なんで購入したか失念。新聞の書評だったかもしれない。
 アタリは、フランスの政治思想家で、社会党政権に大きな影響力を持つ、ユダヤ系フランス人。

 ユダヤ人の話となると、すぐナチスの話になるが、実は、ユダヤ教の異端グループであったキリスト教がローマ帝国の国教化されて以降、迫害の連続で、安定的に一つのところで生活や生業ができない。

 一時、むしろイスラム国家の方が住みやすいこともあったが、それも一時的。

 18世紀ぐらいに入ると、一時、ポーランドに大量に移住していくが、それが、ナチスの大量殺人にとつながっていく。

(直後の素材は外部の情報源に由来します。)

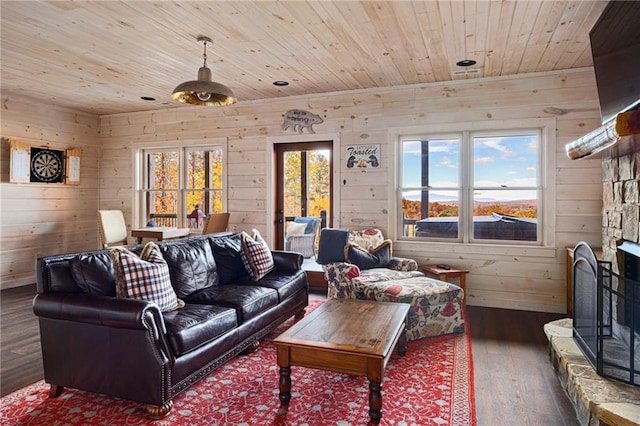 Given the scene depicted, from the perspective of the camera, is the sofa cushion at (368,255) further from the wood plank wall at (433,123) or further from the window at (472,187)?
the window at (472,187)

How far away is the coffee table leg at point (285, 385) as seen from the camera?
7.76 feet

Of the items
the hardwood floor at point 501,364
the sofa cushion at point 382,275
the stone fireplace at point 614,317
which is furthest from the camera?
the sofa cushion at point 382,275

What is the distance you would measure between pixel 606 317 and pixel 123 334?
10.8 feet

 この本のテーマのユダヤ人と貨幣、金融資本との関係については、当初キリスト教はキリスト教徒に対する利子付きしつけを禁じていたのに対して、ユダヤ人は非ユダヤ人に対して、利子付き貸付を認めていたこと、土地を所有して農業をっするなど、当時の領主からの職業選択の制限が強くて、自然と金貸し業へと転換して、各国政府まで資金を供給する役割を持っていく。

 しかし、これも、結局、徴税事務自体もユダヤ人にやらせることによって、ユダヤ人憎悪の気持ちが住民に高まると結局、その地域を追い払われてします。

 有名なユダヤ系のロスチャイルド家が、ウィーンだけでなく、当時金融資本が勃興していたロンドン、さらにはニューヨークと自分たちの子孫に銀行業を経営させて、生き残りをかけたもの、ユダヤ人にはいつでも政府の都合で没収、追放、絶滅の可能性があるため、「近隣の非ユダヤ人にとってよくないことは、ユダヤ人にとってもよくない」という規律をまもって、本当の意味での生存競争を生き延びてきた。

 命と家族を守るために、新しい金融制度を作ろうとするユダヤ資本と、日本の銀行業の頭取の覚悟を比較したら勝てるわけもない。

 また、意外なことに、歴史的には、ユダヤ人はイスラム国家とか東洋との貿易などについても信用供与で活躍してきた歴史がある。要はユダヤ人同士は固い規律で結ばれているので、取引費用が低く、他の業者よりも低コストで資金供給ができるということ。これは、ユダヤ人にとっての強いとしてこれからも生き続けるかもしれない。

 しかし、近親憎悪という言葉もあるが、そもそもイエスはユダヤ人でユダヤ教の一派がキリスト教になったというのが世界の常識なのに、どうして歴史的にもキリスト教徒はここまで、ユダヤ人を差別し、迫害し、抹殺しようとしたのか、この本の示す大量の事例からみて、ローマ後期から中世、近世とずっとユダヤ人はヨーロッパと北アフリカを放浪してきたことが理解できるが、宗教の寛容性とういのは、どうして、こんなに上っ面だけで、現実には根付かないものなのだろうか。